• _Exercise prompt_: Please restate the data below word for word, omitting all images.
(Recorded information Opens)
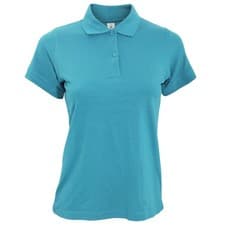Image of B&C Safran Pure Womens/Ladies Short Sleeve Plain Polo Shirt/XS Atoll BC104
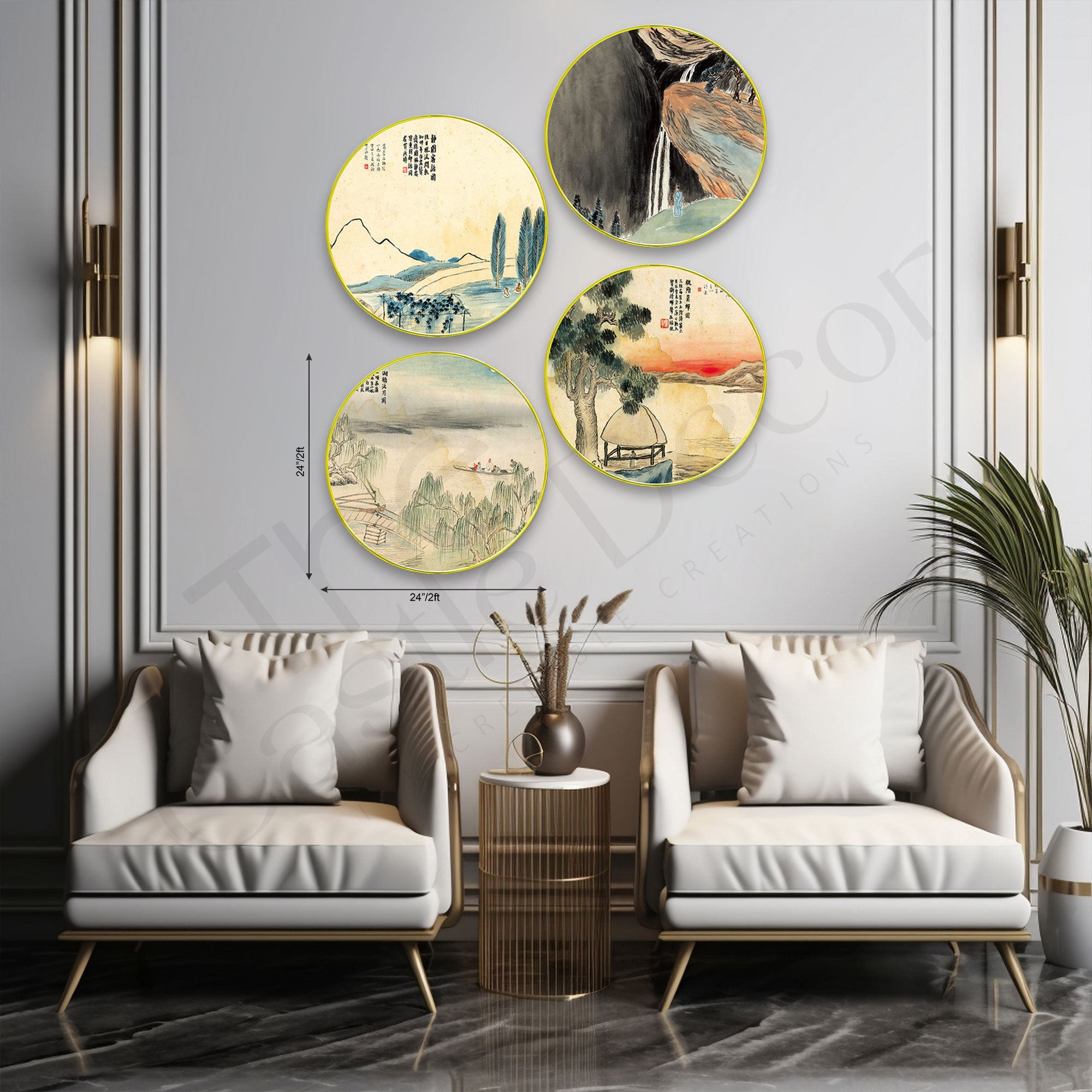 Abstract Sparkle Wooden Wall Plates Set of 4 for Home Decoration Art-74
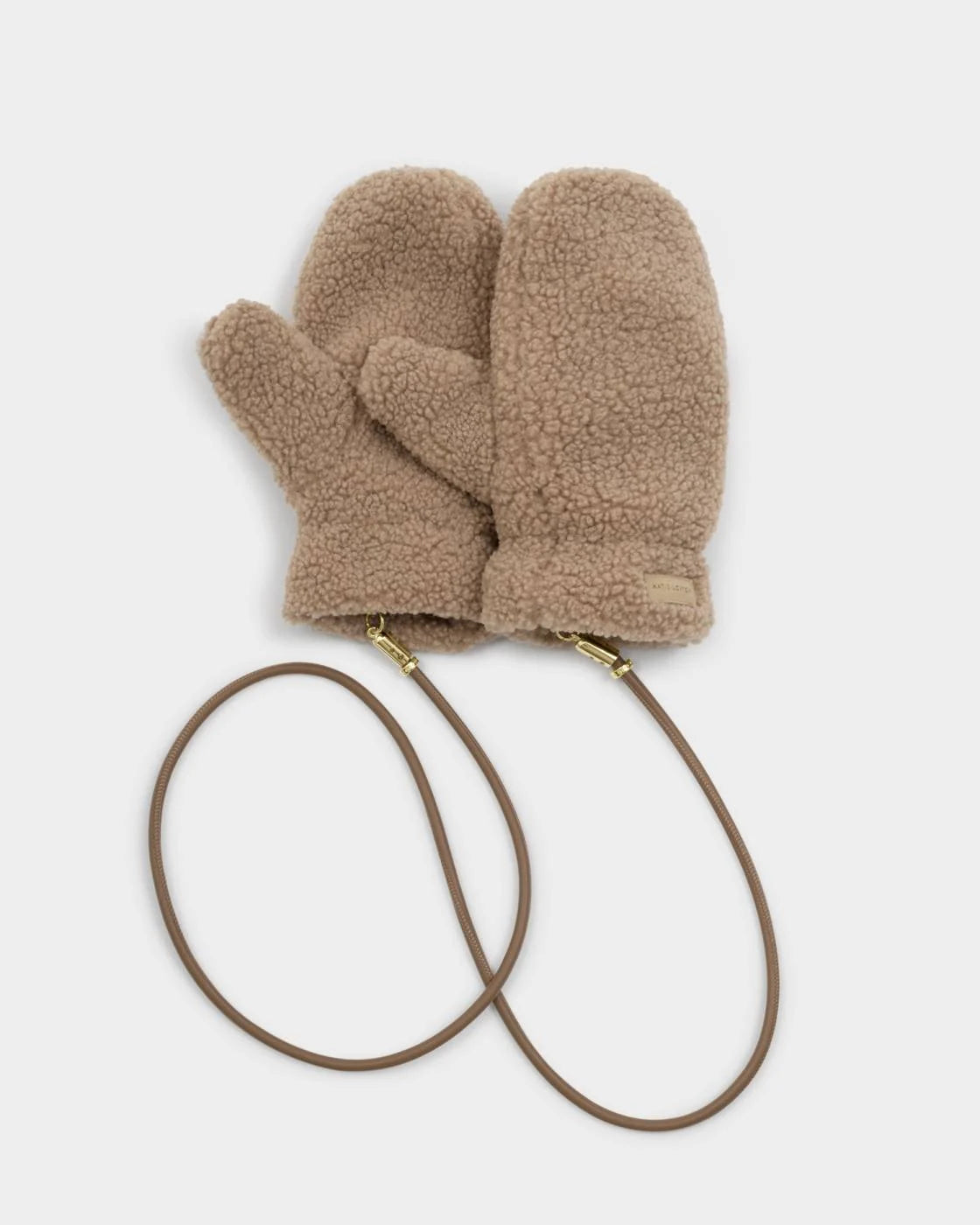 Katie Loxton Teddy Mittens with Strap - Tan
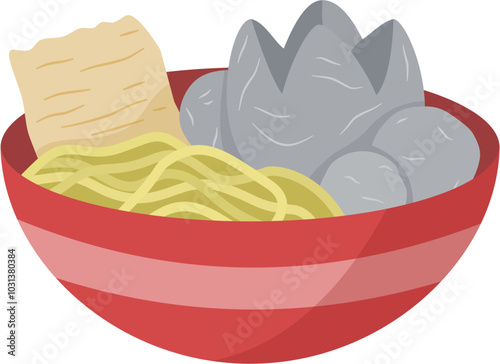 Indonesian traditional food bakso. Street food. Vector format file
(Recorded information Closes)
• _Written response_:
Image of B&C Safran Pure Womens/Ladies Short Sleeve Plain Polo Shirt/XS Atoll BC104
 Abstract Sparkle Wooden Wall Plates Set of 4 for Home Decoration Art-74
 Katie Loxton Teddy Mittens with Strap - Tan
 Indonesian traditional food bakso. Street food. Vector format file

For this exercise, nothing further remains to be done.